En verano, el amanecer…
muy de mañana,
renace la frescura.
tan efímera.
… Y el blando abrazo
de una colcha ligera.
Amaneciendo.
Sei Shonagon decía en su «Libro de la almohada»: «En verano, las noches. No sólo las de luna brillante sino también las oscuras, cuando las luciérnagas revolotean, y aun las de lluvia, tan bellas». Lo más seguro es que, frente a frente, yo no me hubiera atrevido a llevarle la contraria en un asunto de tanta trascendencia poética. Pero, como nos separan un milenio y más kilómetros aún que años, me permito recordarla con este haiku.

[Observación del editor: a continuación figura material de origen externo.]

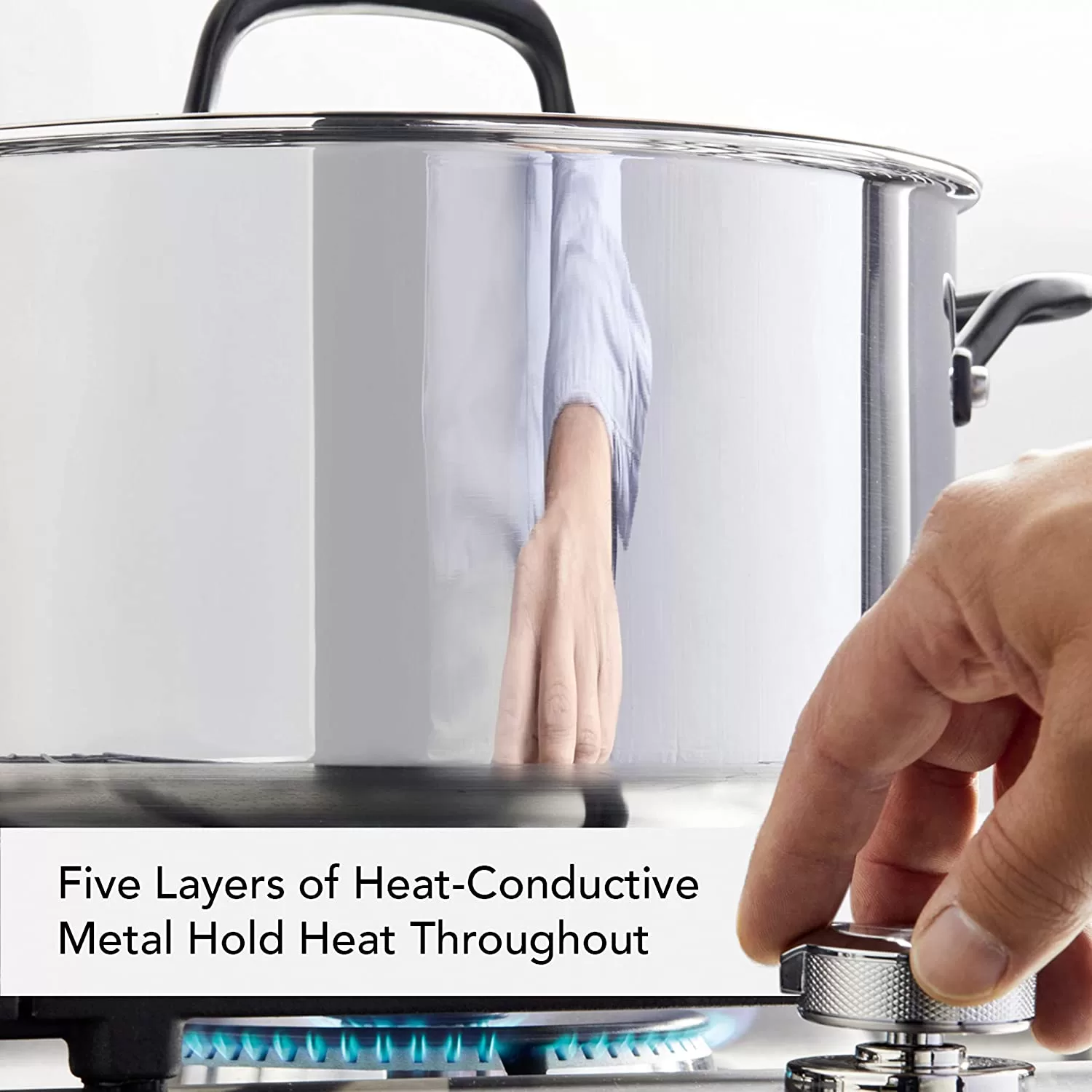 KitchenAid 8 Quart Stainless Steel 5-Ply Clad Stockpot with Lid - Image 2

Aunque es posible que, si ella viviese hoy en Chamberí, pensase como yo que las primeras horas del día son las mejores en verano, cuando aún el sol no ha recalentado el asfalto, no deslumbra la mirada con reflejos hirientes y los sonidos de la ciudad van apareciendo casi uno a uno, entrando en el concierto habitual de la ciudad, como solistas que interpretan una pieza conocida y, a la vez, adornada de improvisaciones. En las primeras horas del día el barrio se despereza: chirrían los cierres de los comercios al abrirse, la luz se va deslizando entre los árboles y el tráfico recupera su oleaje entre el piar de los pájaros y de algún semáforo madrugador.
Cada mañana, asomada al balcón siento la frescura de una ciudad nueva y, a la vez, conocida. Me gusta madrugar y sentirme «de estreno»: ¡Buenos días! ¿Qué será hoy?